Five recommendations to include science in 2030 Agenda
Every year, several countries present their Voluntary National Reviews (VNRs) to show their progress in implementation of the 2030 Agenda and the Sustainable Development Goals. But how can science play an integral part in these proceedings?
The United Nations Departement of Economic and Social Affairs (UN DESA) recently asked the University of Bergen's SDG Bergen Science Advice to submit proposals to the UN DESA Knowledge Exchange between countries that will be presenting their Voluntary National Reviews (VNRs) at the 2021 High-level Political Forum on Sustainable Development (HLPF) and the UN system, other international organizations and stakeholder partners.
SDG Bergen Science Advice (SDG BSA) discussed this with the University of Bergen leadership, and made a number of proposals for policy tools, methodologies and approaches to support the implementation of the 2030 Agenda through the VNR process at HLPF. In this video, SDG BSA's Scientific Director Edvard Hviding presents five key recommendations.
The presentation and debate between the countries presentering their VNRs in 2021 and a number of stakeholders took place virtually on Tuesday 10 November, where Professor Hviding represented the University of Bergen.
Professor Hviding expressed delight that the University of Bergen and the University of Bern in Switzerland had been chosen by UN DESA to present views and suggestions from the global university sector. In particular, he highlighted the importance of delegations to HLPF to include scientists, something which a few countries including Norway and Switzerland, have done at previous forums.

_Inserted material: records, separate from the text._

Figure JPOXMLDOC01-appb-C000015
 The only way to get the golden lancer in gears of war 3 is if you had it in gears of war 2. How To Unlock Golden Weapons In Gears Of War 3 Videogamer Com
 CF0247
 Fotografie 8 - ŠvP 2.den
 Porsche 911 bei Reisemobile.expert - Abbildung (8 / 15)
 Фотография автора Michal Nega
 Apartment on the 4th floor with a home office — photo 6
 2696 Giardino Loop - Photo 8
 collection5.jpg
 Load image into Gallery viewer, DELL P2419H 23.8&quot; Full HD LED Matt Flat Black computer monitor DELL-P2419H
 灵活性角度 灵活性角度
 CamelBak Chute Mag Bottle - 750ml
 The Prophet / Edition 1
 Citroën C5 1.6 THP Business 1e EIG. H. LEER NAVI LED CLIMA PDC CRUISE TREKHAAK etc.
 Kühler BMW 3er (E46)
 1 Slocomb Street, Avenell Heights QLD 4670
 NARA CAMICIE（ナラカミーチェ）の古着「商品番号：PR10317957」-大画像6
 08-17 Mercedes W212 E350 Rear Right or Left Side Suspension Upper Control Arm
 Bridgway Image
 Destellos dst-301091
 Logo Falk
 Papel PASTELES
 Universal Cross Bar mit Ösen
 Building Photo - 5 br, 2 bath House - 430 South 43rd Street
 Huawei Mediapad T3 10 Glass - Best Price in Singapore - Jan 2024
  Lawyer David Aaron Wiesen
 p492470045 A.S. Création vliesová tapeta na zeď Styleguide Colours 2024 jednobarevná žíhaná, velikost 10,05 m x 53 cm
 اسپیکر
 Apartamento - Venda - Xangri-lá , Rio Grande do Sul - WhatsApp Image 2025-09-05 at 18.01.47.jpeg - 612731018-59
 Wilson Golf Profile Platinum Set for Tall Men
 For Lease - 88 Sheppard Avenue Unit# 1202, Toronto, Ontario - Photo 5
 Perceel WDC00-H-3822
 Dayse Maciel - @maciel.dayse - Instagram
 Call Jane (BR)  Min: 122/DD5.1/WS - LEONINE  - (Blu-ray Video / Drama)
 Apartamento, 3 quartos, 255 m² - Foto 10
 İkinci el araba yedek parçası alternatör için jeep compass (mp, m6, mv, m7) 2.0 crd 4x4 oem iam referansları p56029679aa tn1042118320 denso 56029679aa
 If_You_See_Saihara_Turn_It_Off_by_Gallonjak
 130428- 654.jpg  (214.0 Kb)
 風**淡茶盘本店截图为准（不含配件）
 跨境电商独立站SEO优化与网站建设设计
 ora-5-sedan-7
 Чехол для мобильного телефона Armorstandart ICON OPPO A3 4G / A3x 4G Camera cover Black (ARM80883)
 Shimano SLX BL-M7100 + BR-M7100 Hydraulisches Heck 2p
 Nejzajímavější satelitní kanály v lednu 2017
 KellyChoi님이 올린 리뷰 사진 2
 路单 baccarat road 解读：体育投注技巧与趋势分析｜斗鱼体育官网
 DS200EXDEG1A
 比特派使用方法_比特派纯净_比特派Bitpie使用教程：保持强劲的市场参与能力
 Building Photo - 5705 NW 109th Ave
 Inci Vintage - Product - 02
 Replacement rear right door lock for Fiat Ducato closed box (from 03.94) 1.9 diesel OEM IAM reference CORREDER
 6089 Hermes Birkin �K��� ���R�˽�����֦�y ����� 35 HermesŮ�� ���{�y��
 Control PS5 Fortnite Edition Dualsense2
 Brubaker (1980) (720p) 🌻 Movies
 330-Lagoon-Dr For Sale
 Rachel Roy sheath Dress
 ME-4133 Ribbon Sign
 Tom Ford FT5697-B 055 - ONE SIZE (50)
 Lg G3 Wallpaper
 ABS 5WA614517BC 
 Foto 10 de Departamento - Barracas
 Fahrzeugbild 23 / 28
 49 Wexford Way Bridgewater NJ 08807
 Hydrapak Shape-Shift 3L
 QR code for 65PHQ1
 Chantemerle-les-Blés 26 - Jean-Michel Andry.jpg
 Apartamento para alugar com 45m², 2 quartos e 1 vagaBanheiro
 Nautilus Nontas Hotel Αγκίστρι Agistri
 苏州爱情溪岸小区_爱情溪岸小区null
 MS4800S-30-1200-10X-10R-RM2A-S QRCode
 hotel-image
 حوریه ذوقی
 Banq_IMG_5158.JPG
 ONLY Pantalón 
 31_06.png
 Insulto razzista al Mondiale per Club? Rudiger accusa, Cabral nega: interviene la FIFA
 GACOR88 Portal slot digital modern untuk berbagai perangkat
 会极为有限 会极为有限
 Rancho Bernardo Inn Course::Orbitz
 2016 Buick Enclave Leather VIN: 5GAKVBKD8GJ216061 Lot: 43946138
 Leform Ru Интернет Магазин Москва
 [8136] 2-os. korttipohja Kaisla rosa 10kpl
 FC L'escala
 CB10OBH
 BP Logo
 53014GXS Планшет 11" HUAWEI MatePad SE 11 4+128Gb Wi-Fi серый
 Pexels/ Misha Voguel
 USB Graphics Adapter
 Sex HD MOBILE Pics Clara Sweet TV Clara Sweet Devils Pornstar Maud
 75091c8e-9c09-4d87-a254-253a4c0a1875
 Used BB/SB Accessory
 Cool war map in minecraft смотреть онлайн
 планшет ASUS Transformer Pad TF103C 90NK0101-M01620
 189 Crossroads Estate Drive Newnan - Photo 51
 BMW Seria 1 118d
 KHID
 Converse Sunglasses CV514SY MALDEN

“The presentation of VNRs at HLPF are events for exchange and communication. When experienced scientists are members of delegations, they act as go-betweens between science and policy. Our five propositions are general, experience-based and hopefully adaptable for member states in the VNR process,” said Professor Hviding during the lively debate following the presentation, which also included a breakout session where the University of Bergen elaborated on its proposals.